START Provided information

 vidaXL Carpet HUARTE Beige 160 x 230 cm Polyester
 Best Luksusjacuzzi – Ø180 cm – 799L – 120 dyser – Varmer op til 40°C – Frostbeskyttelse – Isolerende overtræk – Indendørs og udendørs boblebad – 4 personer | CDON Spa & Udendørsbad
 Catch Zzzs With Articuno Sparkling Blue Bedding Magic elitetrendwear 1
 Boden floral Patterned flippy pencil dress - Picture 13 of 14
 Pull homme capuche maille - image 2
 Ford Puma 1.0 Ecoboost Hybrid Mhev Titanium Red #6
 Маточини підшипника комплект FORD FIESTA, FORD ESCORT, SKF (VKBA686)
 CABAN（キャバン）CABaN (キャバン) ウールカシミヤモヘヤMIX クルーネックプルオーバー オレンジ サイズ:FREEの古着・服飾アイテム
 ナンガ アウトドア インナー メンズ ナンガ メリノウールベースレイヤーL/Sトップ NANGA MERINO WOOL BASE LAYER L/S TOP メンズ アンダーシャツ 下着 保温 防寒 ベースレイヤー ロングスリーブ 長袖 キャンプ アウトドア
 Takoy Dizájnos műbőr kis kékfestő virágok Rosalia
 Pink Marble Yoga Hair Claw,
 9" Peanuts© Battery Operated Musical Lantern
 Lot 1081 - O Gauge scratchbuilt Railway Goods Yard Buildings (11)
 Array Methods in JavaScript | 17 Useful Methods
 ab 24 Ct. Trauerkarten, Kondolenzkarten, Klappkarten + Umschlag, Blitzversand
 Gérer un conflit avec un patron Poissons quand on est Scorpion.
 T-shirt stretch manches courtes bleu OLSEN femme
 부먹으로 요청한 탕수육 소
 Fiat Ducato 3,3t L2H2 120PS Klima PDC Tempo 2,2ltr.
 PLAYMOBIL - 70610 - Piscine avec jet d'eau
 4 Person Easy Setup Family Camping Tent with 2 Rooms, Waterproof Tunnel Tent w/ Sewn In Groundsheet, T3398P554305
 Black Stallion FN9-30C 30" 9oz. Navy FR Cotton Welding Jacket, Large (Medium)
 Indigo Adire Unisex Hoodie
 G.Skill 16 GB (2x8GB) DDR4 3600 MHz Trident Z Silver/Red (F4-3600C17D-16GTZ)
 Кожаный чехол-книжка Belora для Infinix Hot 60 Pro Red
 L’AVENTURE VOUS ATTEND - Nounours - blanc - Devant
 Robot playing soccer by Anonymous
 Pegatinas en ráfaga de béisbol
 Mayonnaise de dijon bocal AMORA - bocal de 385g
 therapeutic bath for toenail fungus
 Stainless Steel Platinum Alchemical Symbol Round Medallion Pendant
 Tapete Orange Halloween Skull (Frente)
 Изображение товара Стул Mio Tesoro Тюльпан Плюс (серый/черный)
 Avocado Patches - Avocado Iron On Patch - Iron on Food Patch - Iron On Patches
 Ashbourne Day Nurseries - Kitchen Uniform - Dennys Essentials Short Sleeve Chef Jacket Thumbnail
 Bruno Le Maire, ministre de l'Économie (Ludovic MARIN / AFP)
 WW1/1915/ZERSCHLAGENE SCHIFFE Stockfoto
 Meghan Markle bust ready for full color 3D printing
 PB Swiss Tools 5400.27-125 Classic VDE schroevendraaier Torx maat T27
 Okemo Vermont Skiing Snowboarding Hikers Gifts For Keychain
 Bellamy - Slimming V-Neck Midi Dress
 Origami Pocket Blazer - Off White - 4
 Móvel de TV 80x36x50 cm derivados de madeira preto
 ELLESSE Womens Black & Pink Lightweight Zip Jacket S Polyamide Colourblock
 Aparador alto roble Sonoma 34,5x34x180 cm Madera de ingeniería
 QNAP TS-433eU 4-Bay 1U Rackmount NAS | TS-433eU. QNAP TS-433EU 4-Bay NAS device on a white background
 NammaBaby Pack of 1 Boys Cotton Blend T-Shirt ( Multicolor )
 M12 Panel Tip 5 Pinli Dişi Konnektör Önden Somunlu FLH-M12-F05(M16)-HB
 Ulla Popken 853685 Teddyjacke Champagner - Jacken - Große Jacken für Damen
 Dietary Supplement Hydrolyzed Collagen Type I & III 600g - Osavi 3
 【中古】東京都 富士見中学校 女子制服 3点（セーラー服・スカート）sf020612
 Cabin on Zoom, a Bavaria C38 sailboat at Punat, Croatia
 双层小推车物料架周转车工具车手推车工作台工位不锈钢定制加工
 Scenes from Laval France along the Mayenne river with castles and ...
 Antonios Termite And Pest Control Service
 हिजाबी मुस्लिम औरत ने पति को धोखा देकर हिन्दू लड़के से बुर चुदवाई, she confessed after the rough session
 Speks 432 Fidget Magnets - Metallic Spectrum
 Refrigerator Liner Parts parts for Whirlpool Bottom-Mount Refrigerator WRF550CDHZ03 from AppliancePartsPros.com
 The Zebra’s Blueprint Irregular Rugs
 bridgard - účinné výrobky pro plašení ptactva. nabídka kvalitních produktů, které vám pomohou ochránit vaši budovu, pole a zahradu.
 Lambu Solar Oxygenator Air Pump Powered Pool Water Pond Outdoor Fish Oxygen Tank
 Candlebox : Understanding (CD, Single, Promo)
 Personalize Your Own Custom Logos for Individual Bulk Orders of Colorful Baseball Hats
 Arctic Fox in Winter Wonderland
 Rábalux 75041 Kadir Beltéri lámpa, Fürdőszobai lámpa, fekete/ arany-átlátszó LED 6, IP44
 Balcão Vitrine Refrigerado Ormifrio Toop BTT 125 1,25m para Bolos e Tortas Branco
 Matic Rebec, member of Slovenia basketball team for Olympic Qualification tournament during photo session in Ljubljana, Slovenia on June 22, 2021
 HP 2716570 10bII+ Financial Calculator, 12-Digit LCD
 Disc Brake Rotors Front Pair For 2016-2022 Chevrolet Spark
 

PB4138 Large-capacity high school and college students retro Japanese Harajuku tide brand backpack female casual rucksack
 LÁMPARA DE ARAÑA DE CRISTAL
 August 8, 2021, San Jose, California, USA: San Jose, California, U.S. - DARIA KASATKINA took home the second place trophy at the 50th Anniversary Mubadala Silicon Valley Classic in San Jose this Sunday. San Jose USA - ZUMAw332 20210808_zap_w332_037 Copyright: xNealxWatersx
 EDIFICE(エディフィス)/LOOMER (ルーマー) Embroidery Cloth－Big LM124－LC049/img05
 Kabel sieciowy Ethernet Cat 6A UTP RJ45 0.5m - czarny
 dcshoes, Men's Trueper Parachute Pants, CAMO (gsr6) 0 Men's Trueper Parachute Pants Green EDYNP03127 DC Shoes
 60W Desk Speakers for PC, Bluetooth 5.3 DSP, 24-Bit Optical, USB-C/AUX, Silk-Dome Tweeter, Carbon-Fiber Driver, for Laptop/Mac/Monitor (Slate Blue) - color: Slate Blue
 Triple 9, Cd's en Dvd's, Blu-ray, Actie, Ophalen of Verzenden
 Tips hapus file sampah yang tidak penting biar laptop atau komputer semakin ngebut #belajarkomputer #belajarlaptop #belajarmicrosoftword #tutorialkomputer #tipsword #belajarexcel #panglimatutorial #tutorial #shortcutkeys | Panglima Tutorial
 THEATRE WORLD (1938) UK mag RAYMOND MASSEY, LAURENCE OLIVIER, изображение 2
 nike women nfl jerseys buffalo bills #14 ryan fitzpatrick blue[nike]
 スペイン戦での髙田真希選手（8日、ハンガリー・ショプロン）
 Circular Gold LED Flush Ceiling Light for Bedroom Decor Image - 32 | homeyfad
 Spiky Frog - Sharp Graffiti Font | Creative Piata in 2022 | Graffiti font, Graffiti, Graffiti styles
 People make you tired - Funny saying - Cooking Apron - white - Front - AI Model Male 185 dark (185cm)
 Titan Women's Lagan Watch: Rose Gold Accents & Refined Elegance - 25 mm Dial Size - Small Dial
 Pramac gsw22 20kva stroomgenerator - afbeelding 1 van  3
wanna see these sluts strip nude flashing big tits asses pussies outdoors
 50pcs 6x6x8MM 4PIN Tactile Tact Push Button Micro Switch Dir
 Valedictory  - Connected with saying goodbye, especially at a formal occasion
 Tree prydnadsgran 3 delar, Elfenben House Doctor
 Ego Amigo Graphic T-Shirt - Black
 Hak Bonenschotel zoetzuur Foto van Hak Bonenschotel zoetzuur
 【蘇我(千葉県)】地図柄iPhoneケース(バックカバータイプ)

END Provided information

#### Try it:
Could you work out how many lines in the material contain the word "Large"? Reply with the number only.

#### Reply to the task:
2